Scraped caption text data
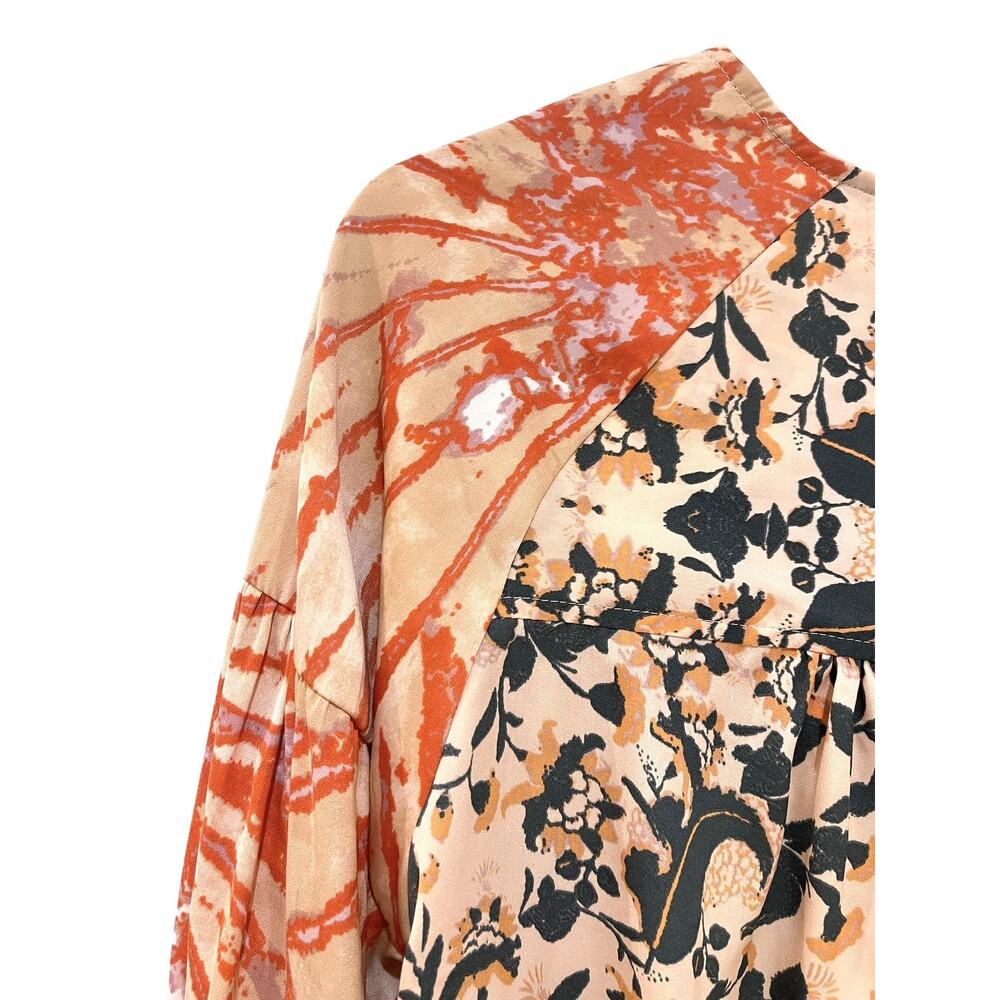 Free People Blouse Womens Medium Multicolor Floral Surplice Boho Top Blouson Hem - Picture 7 of 10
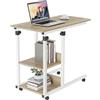 Dripex Scrivania per Computer con Ruote Tavolino 80x40x89 cm Altezza Regolabile Tavolo PC Salvaspazio Mobile per Laptop con Ripiani per comodino, tavolino da caffè, camera da letto (Rovere)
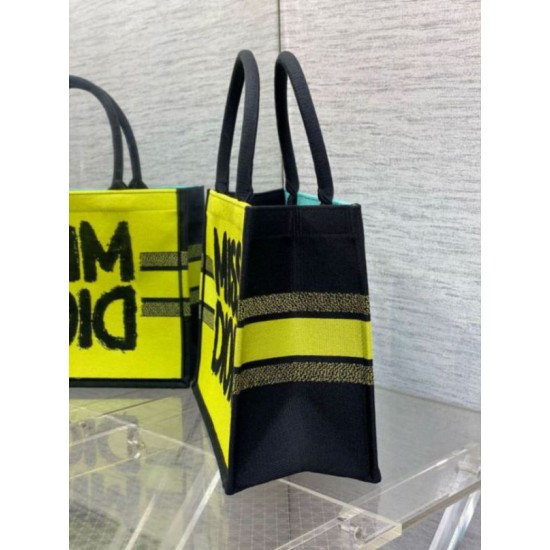 Fake Dior Medium Book Tote Bag Yellow and Blue Miss Dior Graffiti Embroidery Replica Replica Dior Medium Book Tote Bag Yellow and Blue Miss Dior Graffiti Embroidery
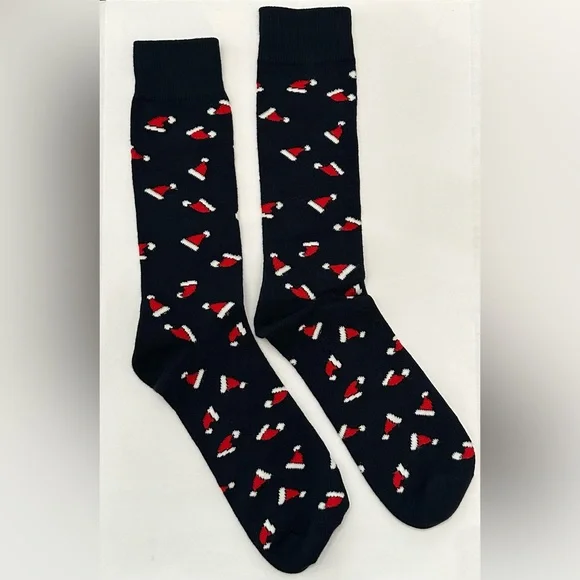 NWOT American Eagle Crew Socks Graphic Santa Hats Blue One Size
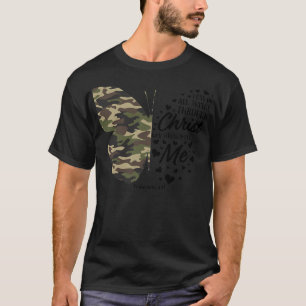 Cute Green Military Camo Butterfly Christian Relig T-Shirt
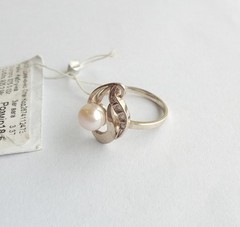 Vintage Beautiful Ring with pearl Sterling Silver 925 test Women Jewelry siz 8.5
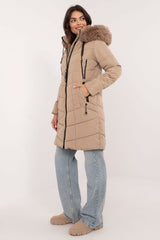 Detachable fur knee-length jacket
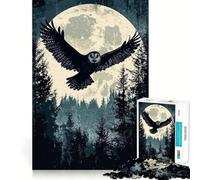 Owl Flying Moonlit Forest Jigsaw Puzzles 1000 Pieces for Teenagers Brain Skill Family Joy Exact Edge Memorable Gift (38x52cm)
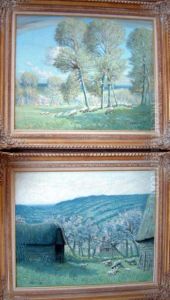 Pair Of Oils On Canvas Sheep Grazing Beneath Apple And Beech Trees Signed 25 X 31in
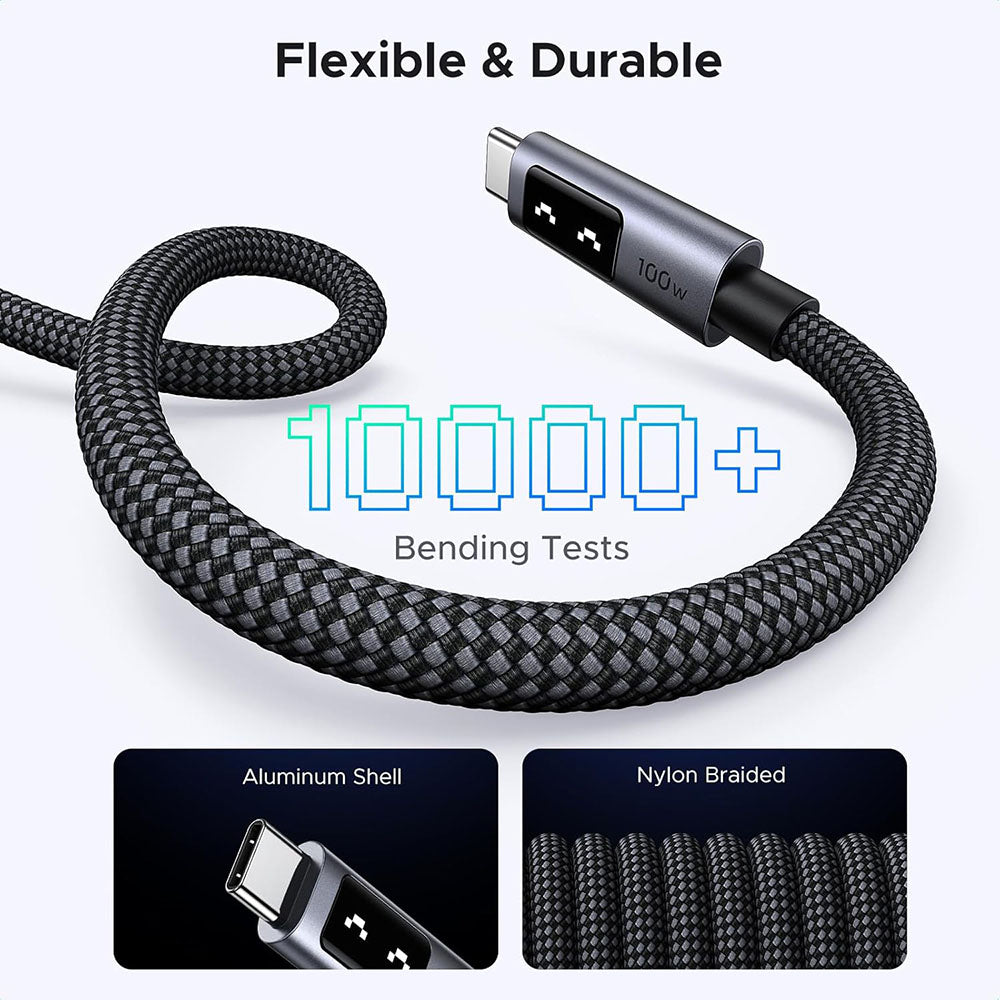 Kabel za podatke i punjenje USB-C - USB-C UGREEN L509, 100W, 1m, Sivi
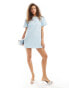 Sister Jane lace floral collar jacquard mini dress in powder blue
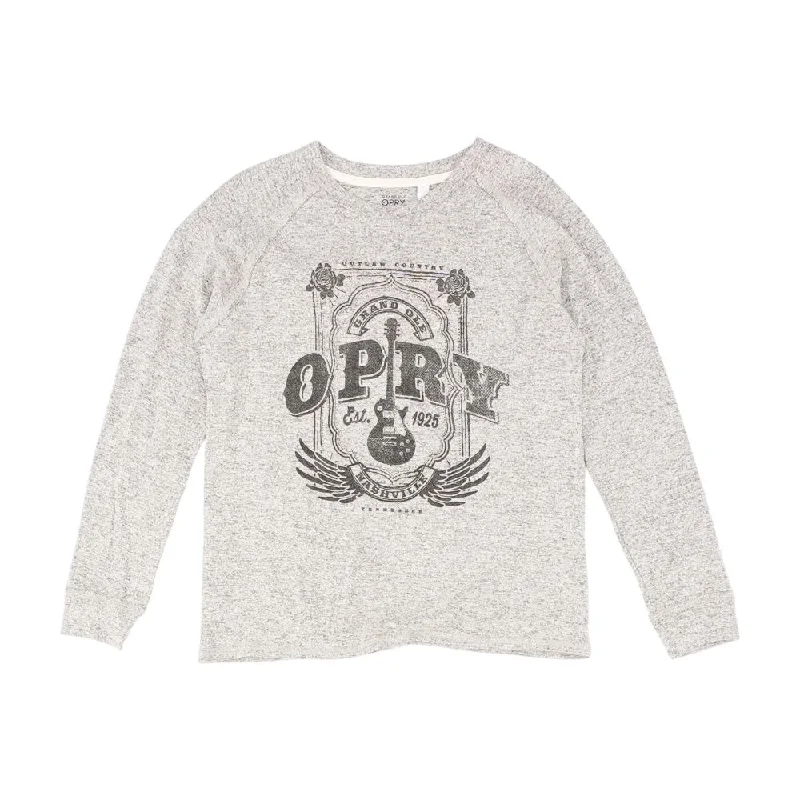 Gray Graphic Crewneck Knit Top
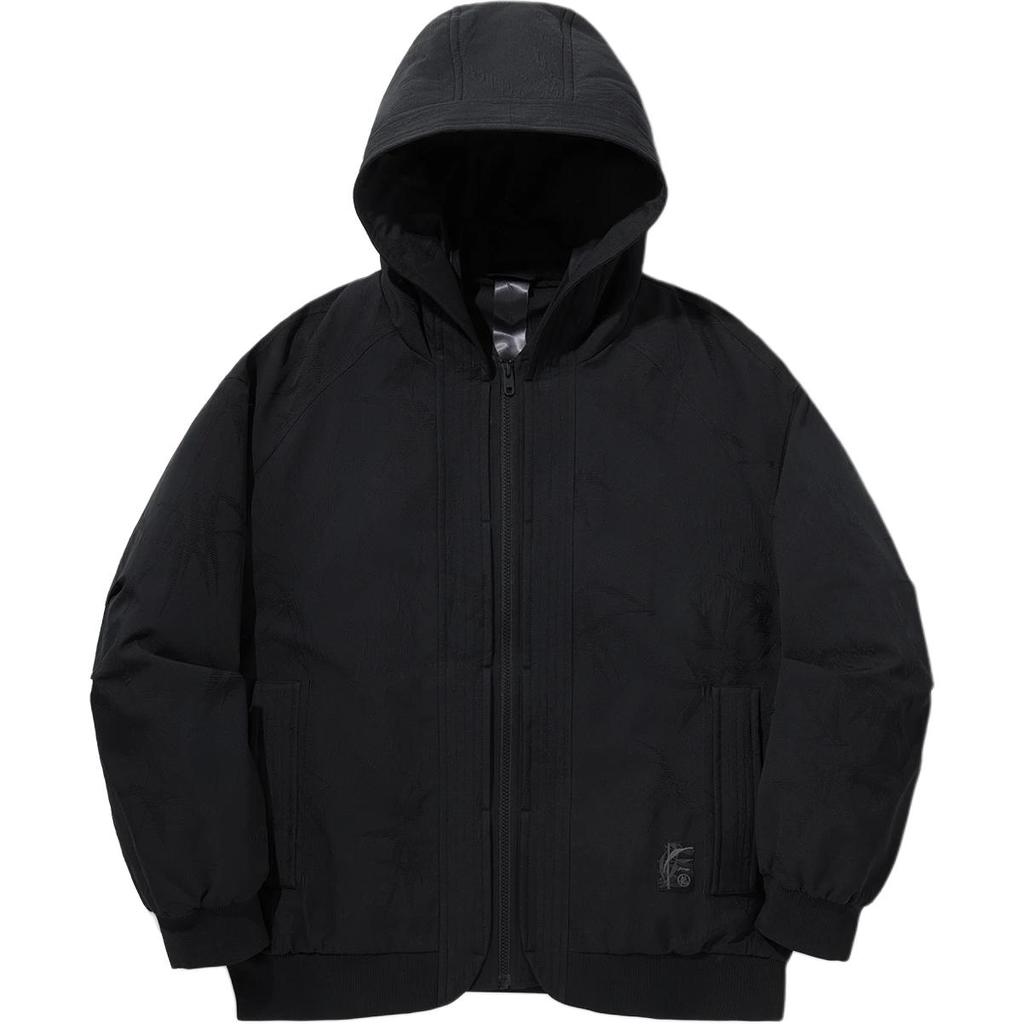 Li Ning X Jackie Chan Collaboration Kung Fu Series Solid Color Zip-Up Hooded Short Cotton Jacket Men jackets Black AJMU153-3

Task requirements:
Please output an exact repetition of the lines from the line containing "Kabel za podatke" to the end of the records, both included, with no pictures and no additional text.

Answer space:
 Kabel za podatke i punjenje USB-C - USB-C UGREEN L509, 100W, 1m, Sivi
 Sister Jane lace floral collar jacquard mini dress in powder blue
 Gray Graphic Crewneck Knit Top
 Li Ning X Jackie Chan Collaboration Kung Fu Series Solid Color Zip-Up Hooded Short Cotton Jacket Men jackets Black AJMU153-3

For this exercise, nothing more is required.